Der EU-Ausschuss für Sozialschutz, der sich aus ranghohen nationalen Beamten zusammensetzt, wurde eingerichtet. Der Ausschuss wird für Fragen zur Reform der Rentensysteme und für die Bekämpfung der sozialen Ausgrenzung im Rahmen des gleichnamigen EU-Programms zuständig sein. Er soll u.a. Indikatoren zum Stand der sozialen Kohäsion in der EU entwickeln und zur Ausarbeitung einer Strategie der EU zur Bekämpfung von Armut und sozialer Ausgrenzung beitragen.

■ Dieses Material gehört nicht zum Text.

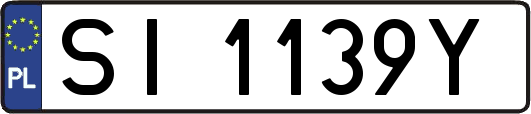 SI1139Y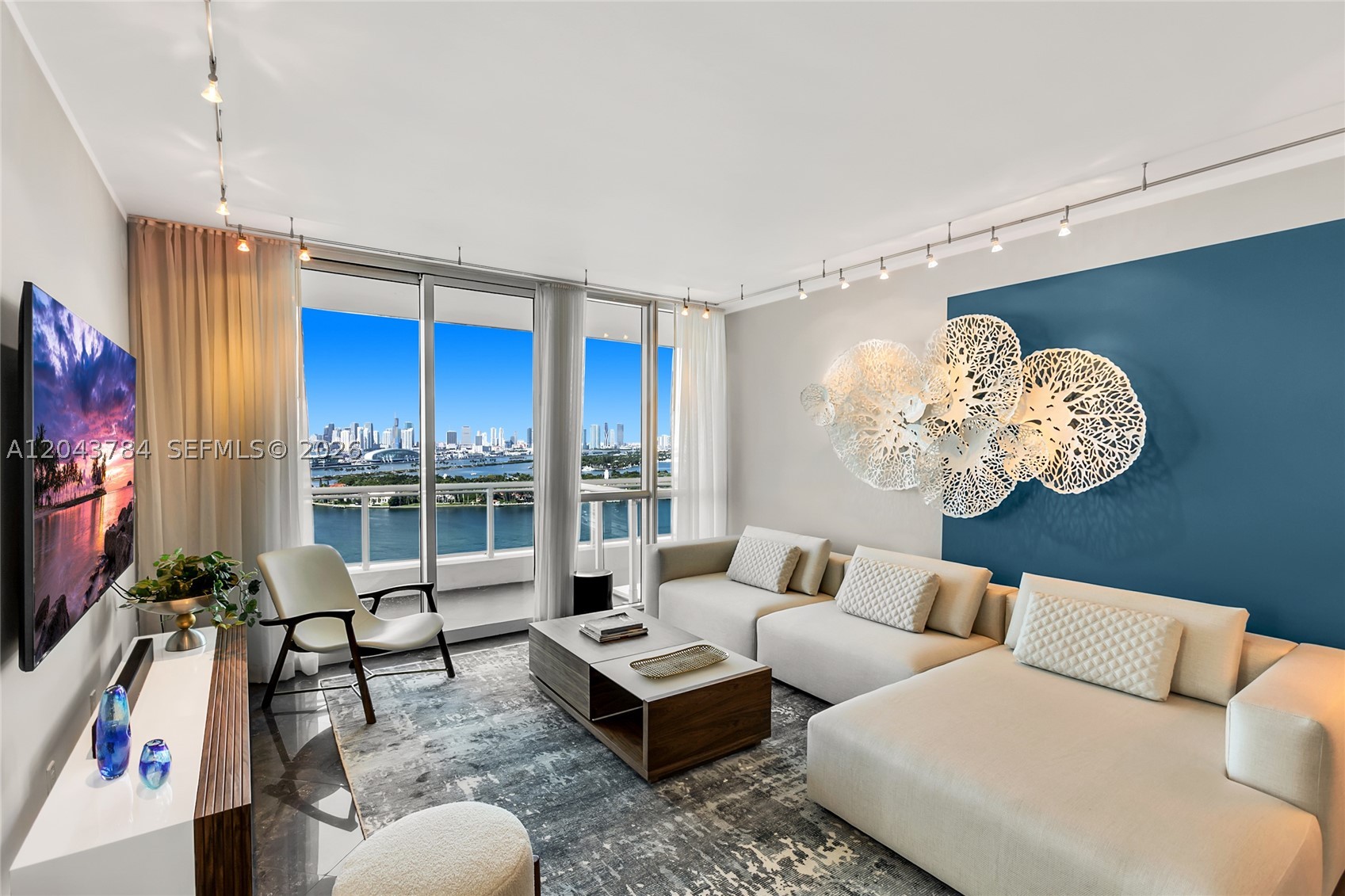 540 West Ave #2311, Miami Beach FL 33139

1.9 EP-Ausschuss für Humangenetik und andere neue Technologien in der modernen Medizin

Das Europäische Parlament (EP) hat einen Ausschuss für Humangenetik und andere neue Technologien in der modernen Medizin gebildet, dem 36 Abgeordnete als Mitglieder angehören und der Anfang 2001 mit seiner Arbeit begonnen hat. Seine Aufgabe ist es, eine möglichst umfassende Bestandsaufnahme neuer und potenzieller Entwicklungen in der Humangenetik und ihrer Nutzung vorzunehmen und damit dem EP eine detaillierte Analyse als Entscheidungsgrundlage zur Verfügung zu stellen. Außerdem soll er die ethischen, rechtlichen, wirtschaftlichen und sozialen Probleme, die sich aus derartigen Entwicklungen ergeben, bewerten und prüfen, in welchem Maß das öffentliche Interesse an diesen Fragen ein aktives Vorgehen verlangt. Das Mandat des Ausschusses ist auf zwölf Monate befristet; in ihm sind fünf deutsche Parlamentarier vertreten. Nähere Informationen: http://www.europarl.eu.int/committees/genetics_home.htm.

2 Personal und Beschäftigte

2.1 Gegenseitige Anerkennung der beruflichen Qualifikation im medizinischen Bereich in den Mitgliedstaaten der EU

Rat und Europäisches Parlament (EP) haben sich am 18. Januar 2001 im Vermittlungsausschuss endgültig darauf geeinigt, eine neue Richtlinie zu schaffen, die die Regelung zur Anerkennung beruflicher Befähigungsnachweise im medizinischen Bereich (d.h. für Ärzte, Apotheker, Krankenpflegekräfte) vereinheitlicht und einfacher macht. Es handelt sich bei der neuen Richtlinie um eine Ergänzung der bestehenden Regelung zur Anerkennung beruflicher Befähigungsnachweise. Die Mitgliedstaaten müssen die Richtlinie bis zum 1. Januar 2003 umsetzen.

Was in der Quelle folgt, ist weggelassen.